> _Task_
Write out the stretch of lines below that begins at the line with "Casa adossada a" and ends at the line with "Lovely villa for", including both, exactly as given and nothing more.

> _Source records_

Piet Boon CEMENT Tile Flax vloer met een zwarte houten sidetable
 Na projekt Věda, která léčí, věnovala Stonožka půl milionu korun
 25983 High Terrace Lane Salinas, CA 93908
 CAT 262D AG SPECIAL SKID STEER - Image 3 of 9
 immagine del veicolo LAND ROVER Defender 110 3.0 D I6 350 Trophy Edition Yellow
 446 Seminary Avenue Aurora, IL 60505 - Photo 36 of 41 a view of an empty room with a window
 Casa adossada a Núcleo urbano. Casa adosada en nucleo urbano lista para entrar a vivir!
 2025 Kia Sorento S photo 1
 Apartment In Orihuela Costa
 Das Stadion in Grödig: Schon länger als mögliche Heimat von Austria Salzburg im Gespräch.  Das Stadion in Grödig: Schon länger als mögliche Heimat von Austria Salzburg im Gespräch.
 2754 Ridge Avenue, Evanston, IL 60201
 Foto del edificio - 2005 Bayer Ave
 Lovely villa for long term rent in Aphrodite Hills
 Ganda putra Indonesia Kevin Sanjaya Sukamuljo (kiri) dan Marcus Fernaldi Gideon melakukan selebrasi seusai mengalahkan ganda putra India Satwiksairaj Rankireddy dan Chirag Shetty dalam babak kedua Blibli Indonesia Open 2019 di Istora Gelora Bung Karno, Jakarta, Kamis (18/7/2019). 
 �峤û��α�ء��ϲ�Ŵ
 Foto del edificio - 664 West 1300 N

> _Written solution_
 Casa adossada a Núcleo urbano. Casa adosada en nucleo urbano lista para entrar a vivir!
 2025 Kia Sorento S photo 1
 Apartment In Orihuela Costa
 Das Stadion in Grödig: Schon länger als mögliche Heimat von Austria Salzburg im Gespräch.  Das Stadion in Grödig: Schon länger als mögliche Heimat von Austria Salzburg im Gespräch.
 2754 Ridge Avenue, Evanston, IL 60201
 Foto del edificio - 2005 Bayer Ave
 Lovely villa for long term rent in Aphrodite Hills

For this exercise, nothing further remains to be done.